イランの影響力が拡大するイラクの体制変革の必要性を訴える米誌

◆試練に立つ「民主化」

 2003年の米軍侵攻で、フセイン独裁体制から解放されたイラク。国内多数派のイスラム教シーア派主導で進められてきた「民主化」が内外からの圧力で試練に立たされている。

 昨年10月、イラクで民主化、イランからの影響の排除を求めて大規模なデモが発生し、少なくとも500人が死亡した。デモは主に同国中部から南部のシーア派の若者らが主体となって行われたもの。

 鎮圧に当たったのもイラク国内で大きな力を持つ「人民動員軍(PMF)」などのシーア派主体の民兵組織とされており、イラクの多数派シーア派内で、主にイランのイラク国内での影響力拡大をめぐって分断が生じている。

 フセイン政権崩壊後、シーア派と北部のクルド人は米軍の侵攻を歓迎、フセイン政権下で体制側だったスンニ派は反対した。体制崩壊後、シーア派を主体に国内の再建が進められてきた。しかし、今、その勢力図に変化が起き始めている。

 カタールの衛星テレビ局アルジャジーラによると、「ここ数年、イランがイラク政治での役割を強化した」ことから、「各勢力の態度が変化した」という。

 シーア派の多くがイランに同調、反米姿勢を強める一方で、シーア派住民の中に、若者を中心に反イラン感情が高まっている。バグダッドの政府・市民社会独立研究所の調査によると、14年にイラクのシーア派の86%がイランに好意的だったが、19年には41%に低下している。

◆米との関係不透明に

 一方で1月3日、イラン革命防衛隊の精鋭「コッズ部隊」のソレイマニ司令官がイラク領内で米軍によって殺害されたことから、イラク政府内に激震が走った。イラクと米国の間の協定によると、イラク領内での米国による第三国の利権に対する攻撃は違法とされており、シーア派主体のイラク政府が直ちに反応。イラク議会が米軍撤収要求を決議し、政府も議会決議を受けて、米国に撤収を求めており、今後の米イラク関係を不透明にしている。

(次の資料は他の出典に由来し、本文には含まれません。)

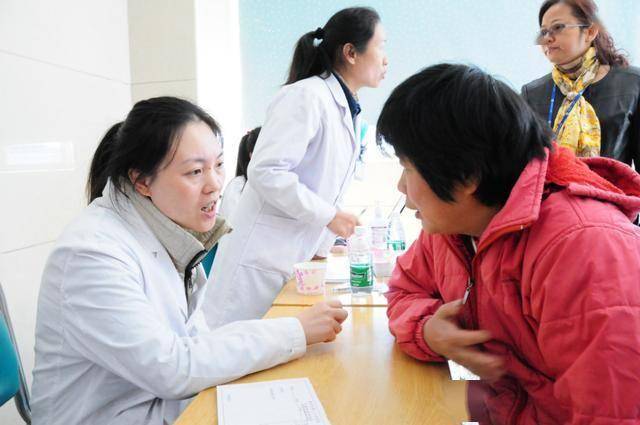 睡前吃瑞舒伐他汀有危害？劝告：多人服药方式错了，标准答案来了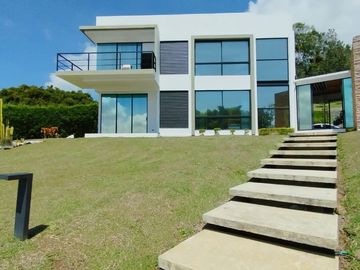 Finca De éLite Frente Al Lago Calima: Invierte En Un Estilo De Vida Exclusivo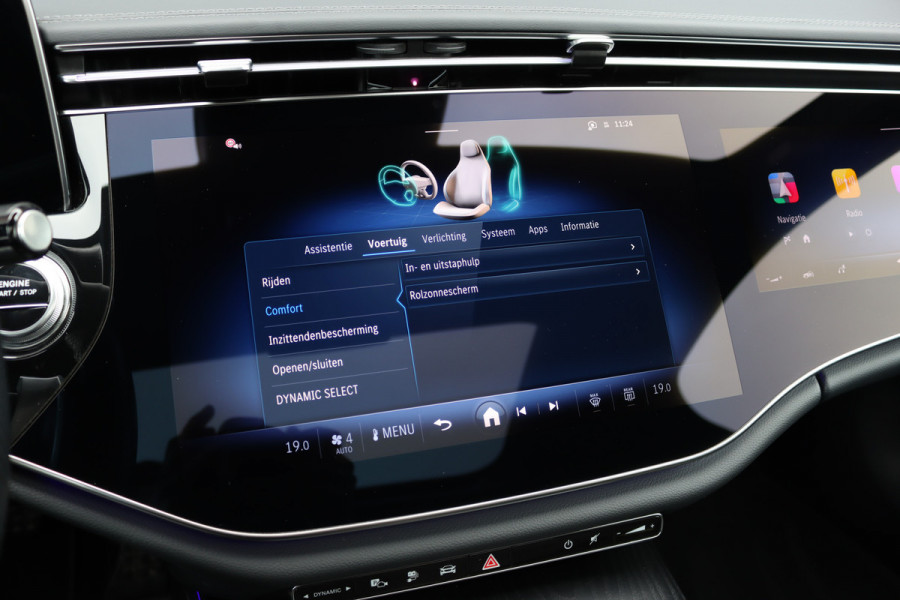 Mercedes-Benz E-Klasse Estate 300 e AMG Line | Hyperscreen | Luchtvering | Distronic+ | Trekhaak | Burmester | HUD | Verwarmd Stuurwiel | Panoramadak | Digital Light | Achterbank Verwarmd |
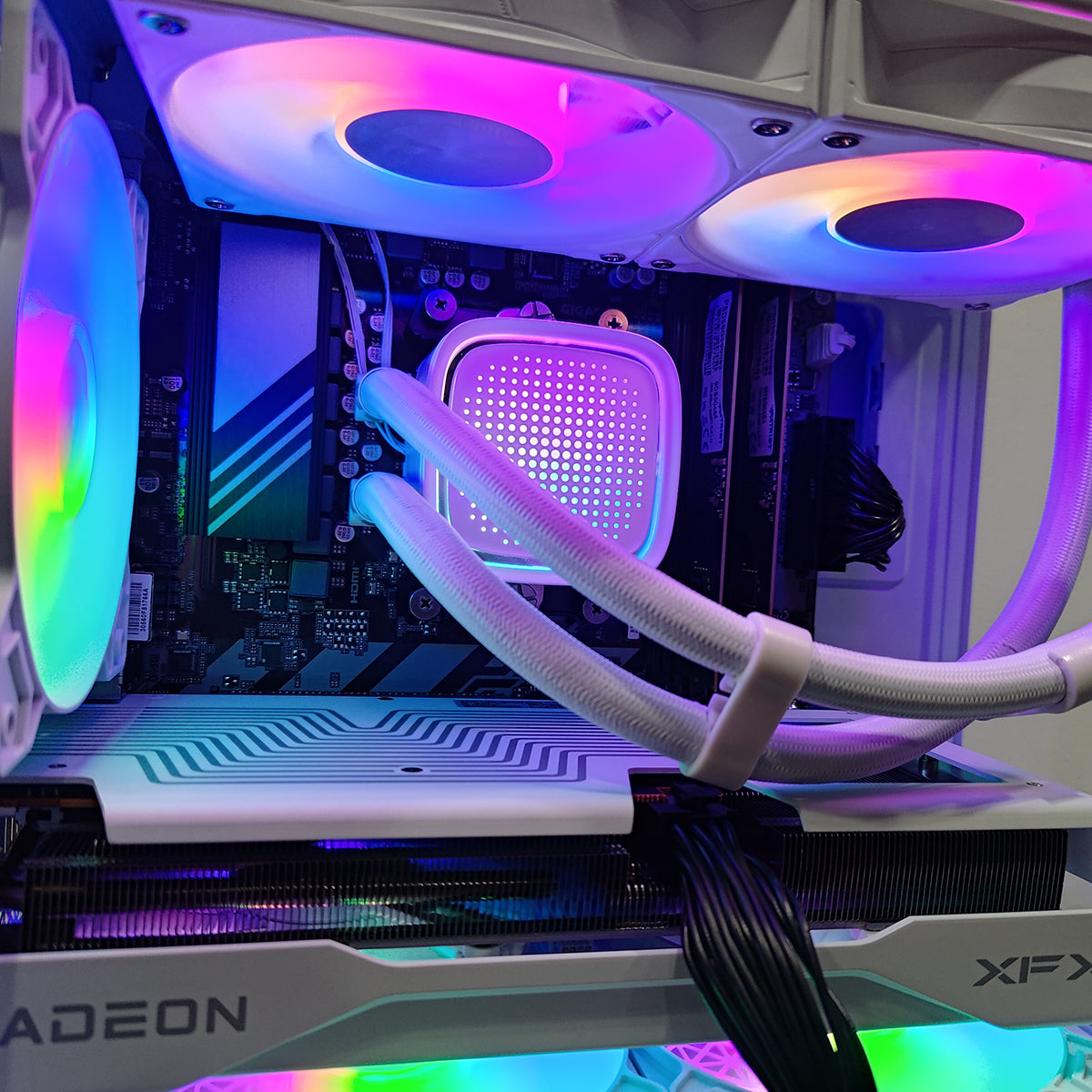 Aurora Reyna White Desktop Gaming PC
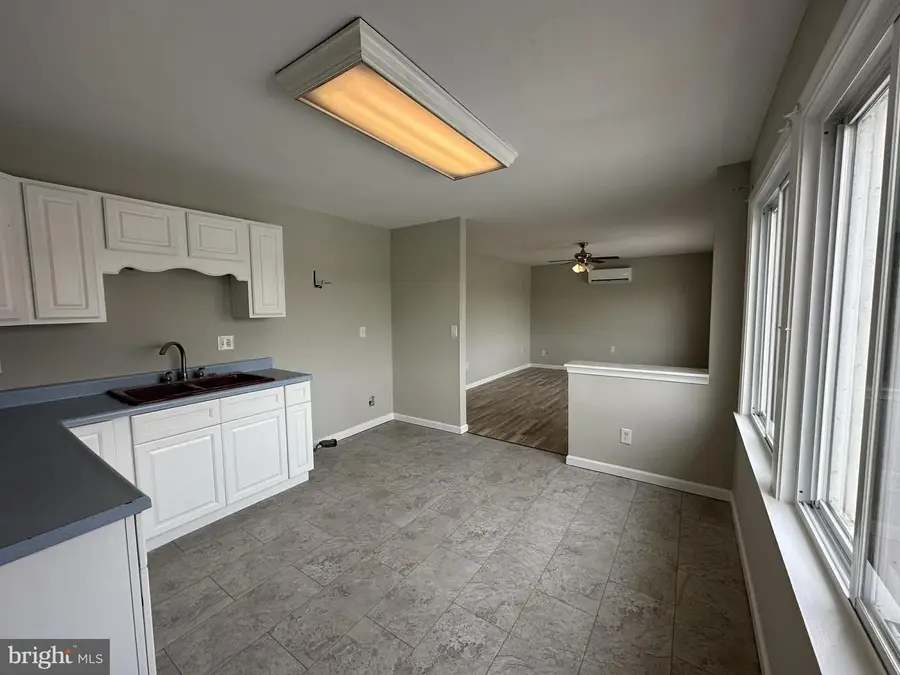 2642 Spring Rd, Chambersburg, PA 17202 - Image #2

 スンニ派にとって米軍は「少なくとも短期的には安定要因」(アルジャジーラ)であり、中央政府と対立する北部のクルド人勢力も米軍駐留を支持しているものとみられる。

 米軍駐留はイラクの安定化に貢献することが期待されるものの、現状では、「米軍のプレゼンスをめぐる不一致がイラクを不安定化させている」(アルジャジーラ)という皮肉な結果を生んでいる。

 米誌フォーリン・ポリシーは、フセイン体制崩壊後の政治体制の正統性の崩壊、イランとシーア派民兵らによる影響力の拡大という二つの問題をイラクは抱えていると指摘。「米国は、(シーア派の)アラウィ次期首相と距離を置き、主権、独立、クリーンな政府を求める反政府デモを支援すべきだ」と主張する。

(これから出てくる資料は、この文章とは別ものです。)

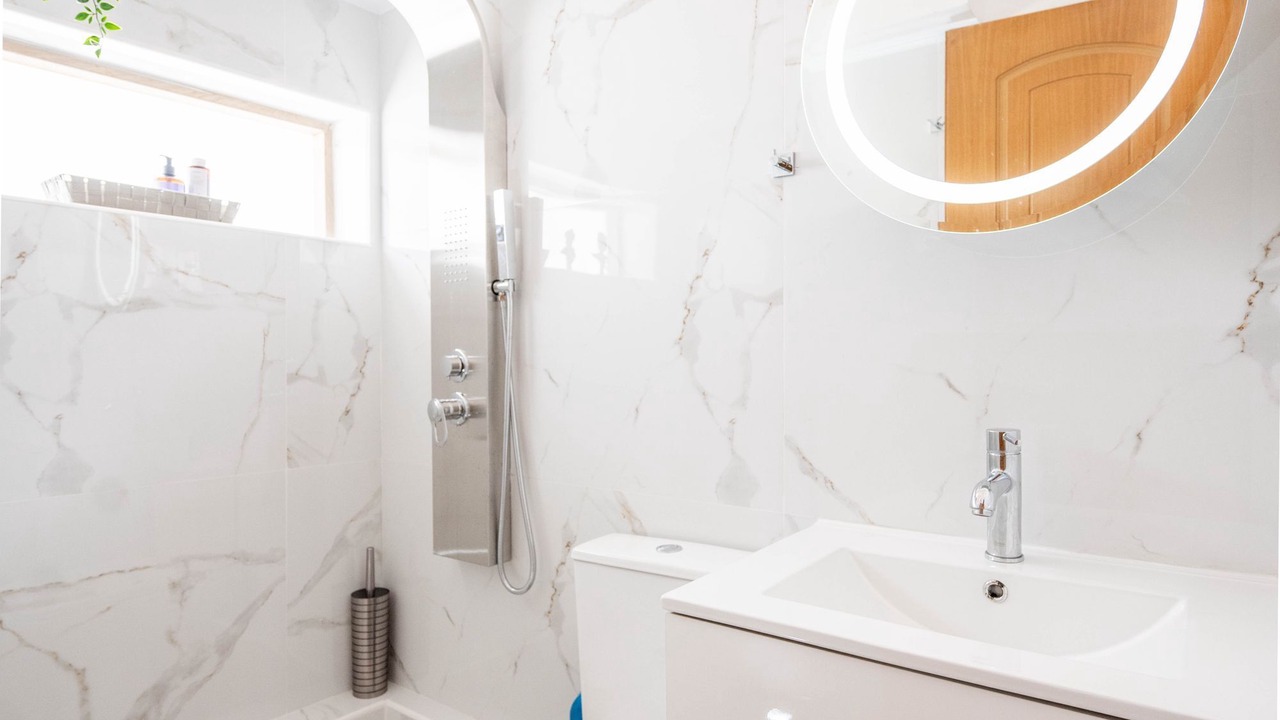 Photo of Bathroom in Limni Vouliagmenis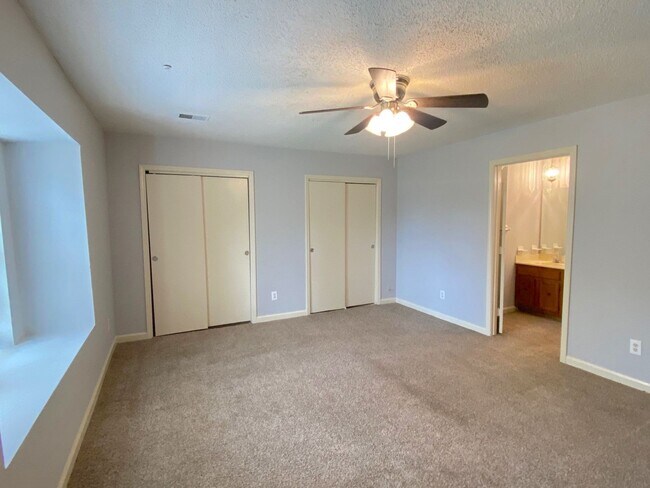Foto del edificio - 4534 Trout Valley Dr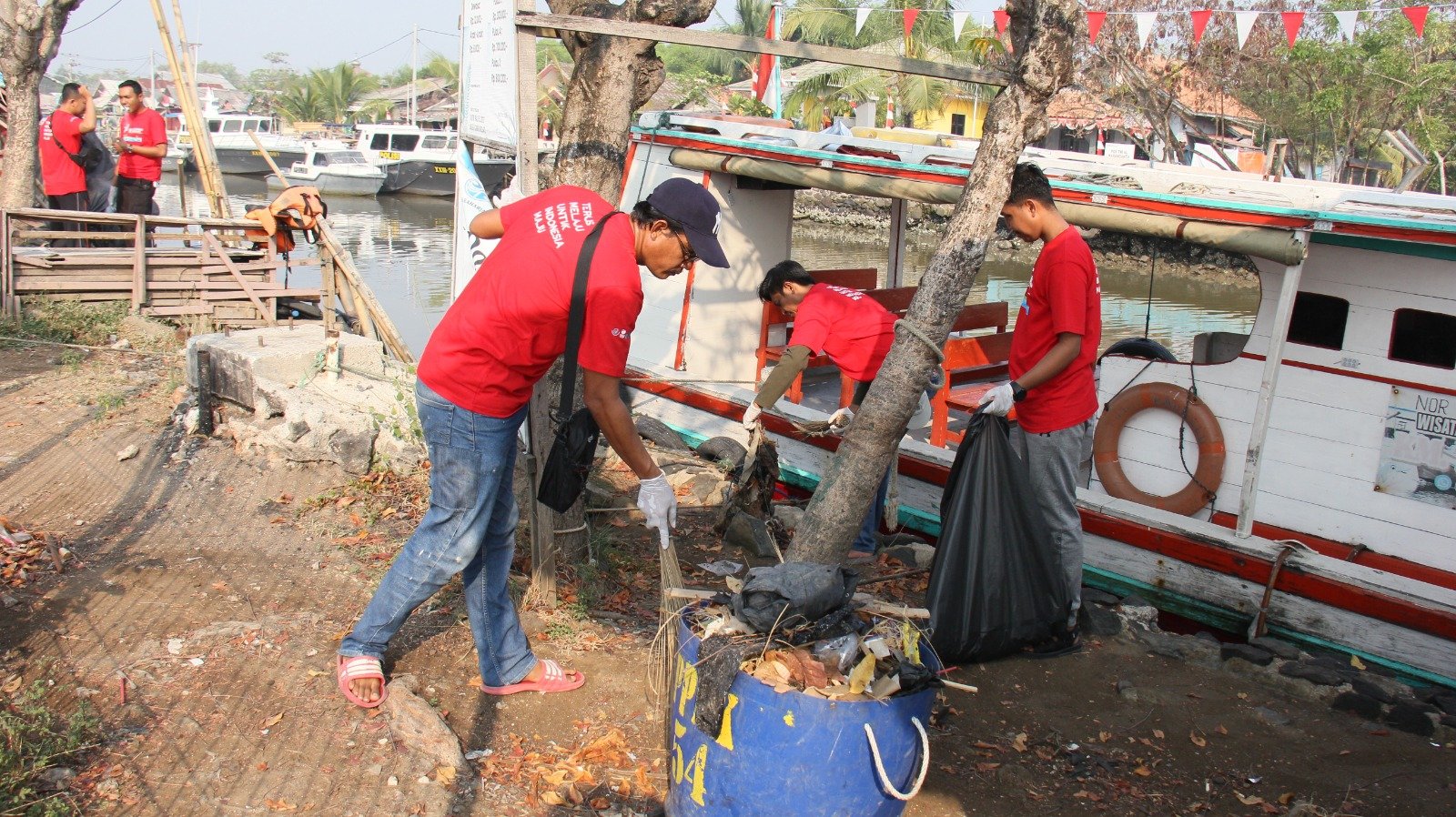 Bersih Sampah Disekitar PPN Karangantu (Foto: ISTIMEWA)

 25歳以下が人口のほぼ6割を占めるイラクで、多数派のシーア派主体の反政府デモが起きていることの「重要性は計り知れない」(フォーリン・ポリシー)。

◆米の政策が混乱招く

 ソレイマニ司令官、米軍に殺害されたシーア派軍事組織の連合隊「人民防衛隊」の副司令官アブ・マフディ・アルムハンディス容疑者は共に、シーア派民兵を率い、反政府デモの鎮圧に当たっていたとされている。

 両者の殺害後、デモのスローガンが「イランは出ていけ」から「アメリカは出ていけ」に変わったのは事実だ。しかし、イランの影響力拡大を抑えるために米軍の存在が不可欠であることに変わりはないとフォーリン・ポリシーは主張する。

 米国の政策のちぐはぐが、イラクに混乱を招いている。

 フォーリン・ポリシーは「たとえ03年以降の米国の政策が間違っていたことを認めることになっても、対イラク政策の大変革の必要性を認めることは、継続可能で有効な長期的なイラク政策を構築することへの第一歩だ」と指摘、一貫性のある対イラク政策の必要性を訴えた。